Provided data:
□ □ □ □ □

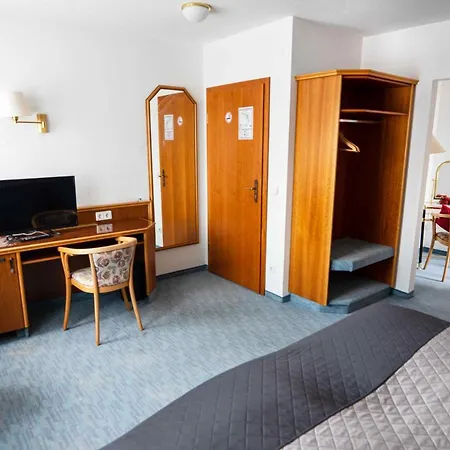 Garni Maselheimer Hof 3*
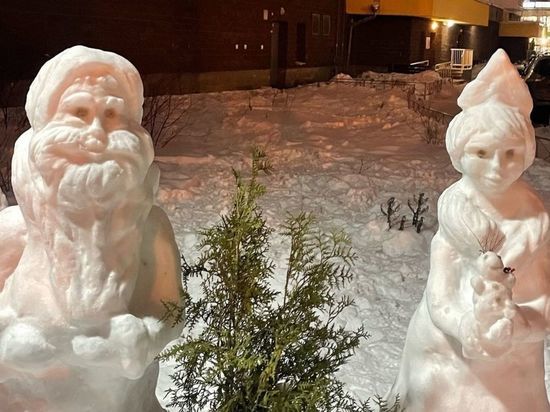 Жители украсили Всеволожск снежной скульптурой Деда Мороза и Снегурочки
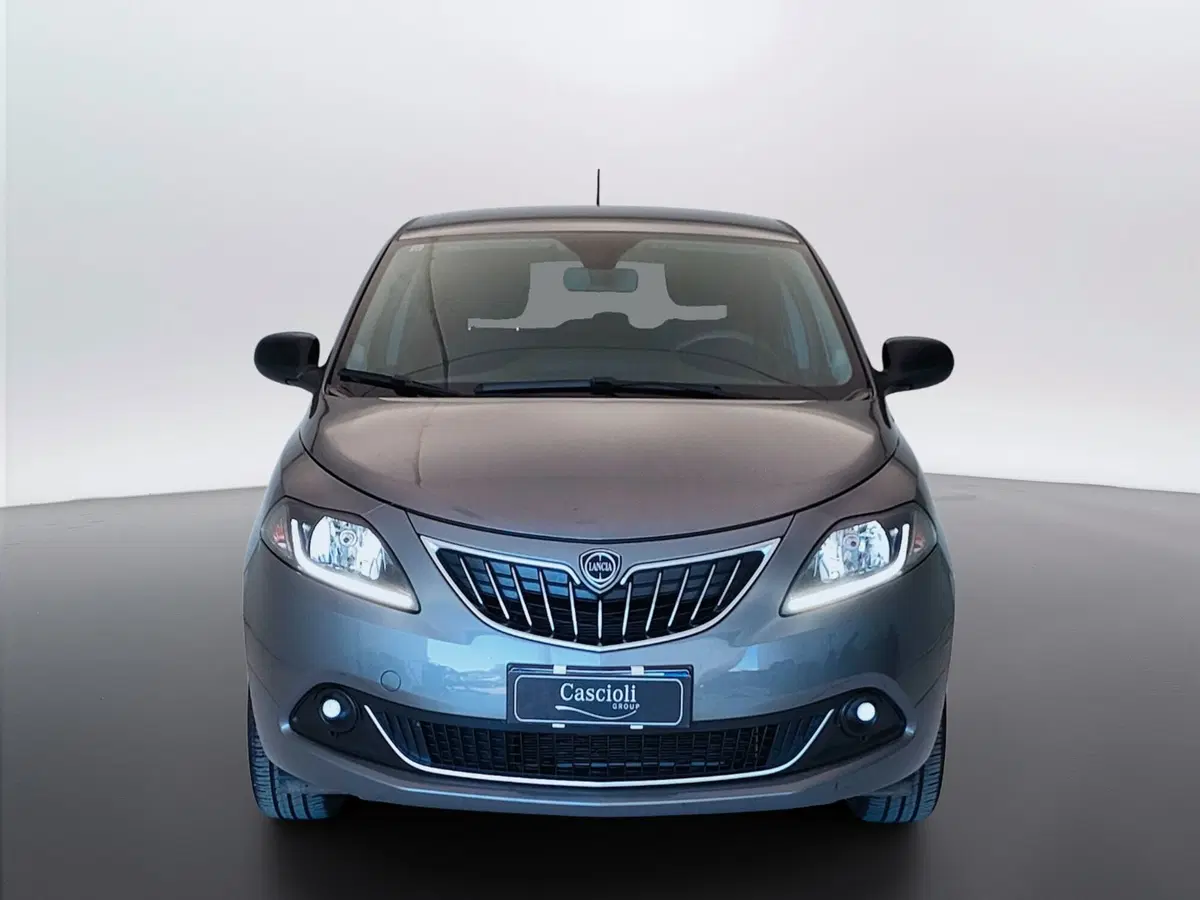 Lancia Ypsilon usata a Ascoli Piceno (2)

□ □ □ □ □

Problem statement: The data above must be written out again without alteration, and the pictures in them must be excluded.

Answer for this exercise:
 Garni Maselheimer Hof 3*
 Жители украсили Всеволожск снежной скульптурой Деда Мороза и Снегурочки
 Lancia Ypsilon usata a Ascoli Piceno (2)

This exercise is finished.